Future Tense

Palestinians Finally Get Mobile Broadband

Israeli Prime Minister Benjamin Netanyahu.

Photo by Olivier Douliery-Pool/Getty Images

In 2014, Tim Berners-Lee, known best for creating the World Wide Web, proposed that the Internet is a human right. While not everyone agrees, it’s hard to deny that it plays an increasingly central role in almost all of our lives. Ensuring equal access can be an important step toward guaranteeing economic, social, and political equality. That’s all the more reason to celebrate the arrival of 3G wireless networks to Palestinians, who live, as the AP explains, in “one of the last places in the world without mobile broadband services.”

The AP’s Mohammed Daraghmeh and Daniella Cheslow report, “Under interim peace accords, Israel controls Palestinian wireless networks in the West Bank.” As Al Jazeera’s Samuel Nelson Gilbert wrote in 2013, the Oslo accords—signed in the mid-’90s—also “cover Palestinians’ right to faster communications.” Nevertheless, for years, Israeli authorities have limited the region to 2G connectivity, making it difficult for residents to utilize GPS services and other applications that require rapid data transfer. According to a 2012 World Bank report, this has restrained Palestinians’ economic development. 

Daraghmeh and Cheslow write that this development comes after “years of delays.” Notably, it arrives on the heels of Israeli Prime Minister Benjamin Netanyahu’s recent meeting with President Obama. And as the Jerusalem Post adds, it also comes in advance of Secretary of State John Kerry’s visit to Israel. Daraghmeh and Cheslow suggest that this decision derives from an attempt to ease tensions in the region. Nevertheless, as they note in passing, Israel still declines to “extend 3G frequencies to the Gaza Strip, which is controlled by the Islamic militant group Hamas.”

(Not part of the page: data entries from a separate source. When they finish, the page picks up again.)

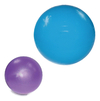 Kit Bola De Pilates Suíça 55cm + Bola Overball 25cm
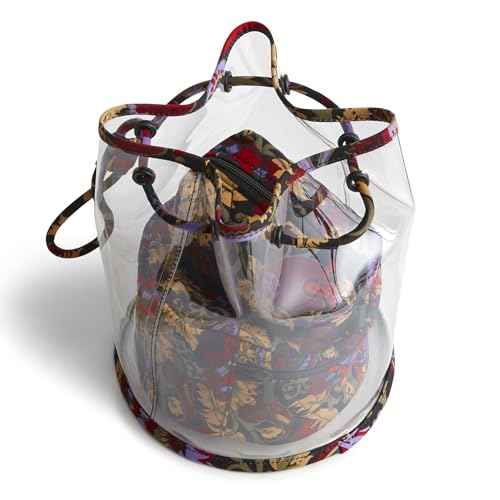 Vera Bradley Women's Premium Cotton 3 Piece Cosmetic Set, Midnight Garden Paisley, One Size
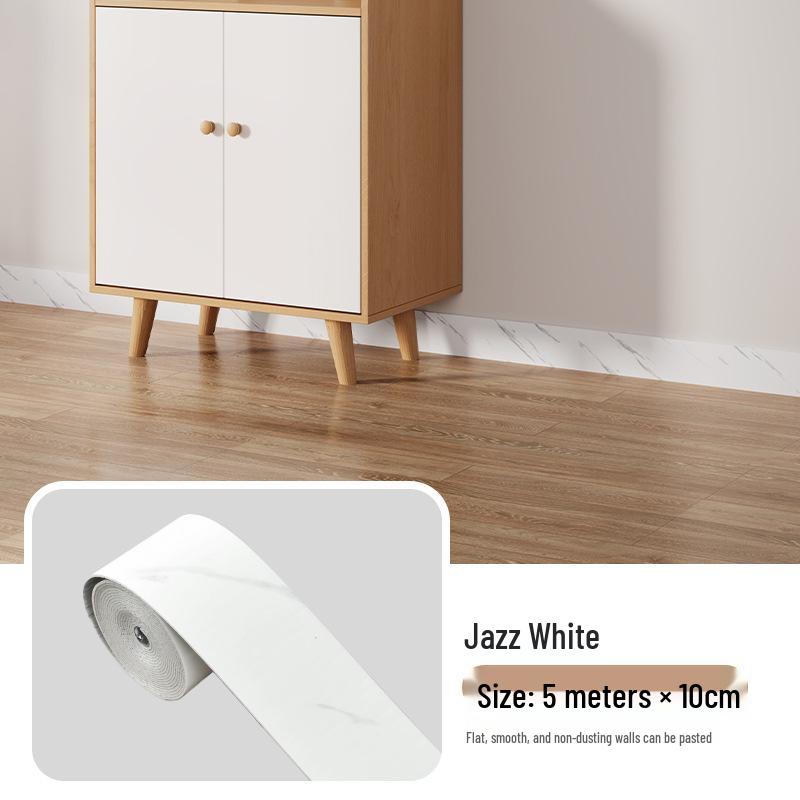 10cm X 5m Self-Adhesive Wall Sticker Roll: Tile Skirting Board & Corner Decoration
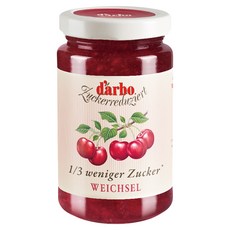 d'arbo 徳寶 80%果肉減糖櫻桃果醬, 250克, 奧地利產, 250g, 1罐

Why did it take the Israeli government so long to make these changes? Where some suggest that it was a product of technical complications, others propose that profit motives drove the delay. According to the AP, one former Palestinian communications minister “believes Israeli carriers were behind the ban, trying to protect their interest in the captive Palestinian market.” Previously, Palestinians who needed faster mobile Internet were obliged to use Israeli carriers, resulting in inconsistent and unreliable coverage.

Whatever the case, a definite date for these changes is not yet clear, but the Jerusalem Post writes that they’re “expected to go into effect in mid- 2016.”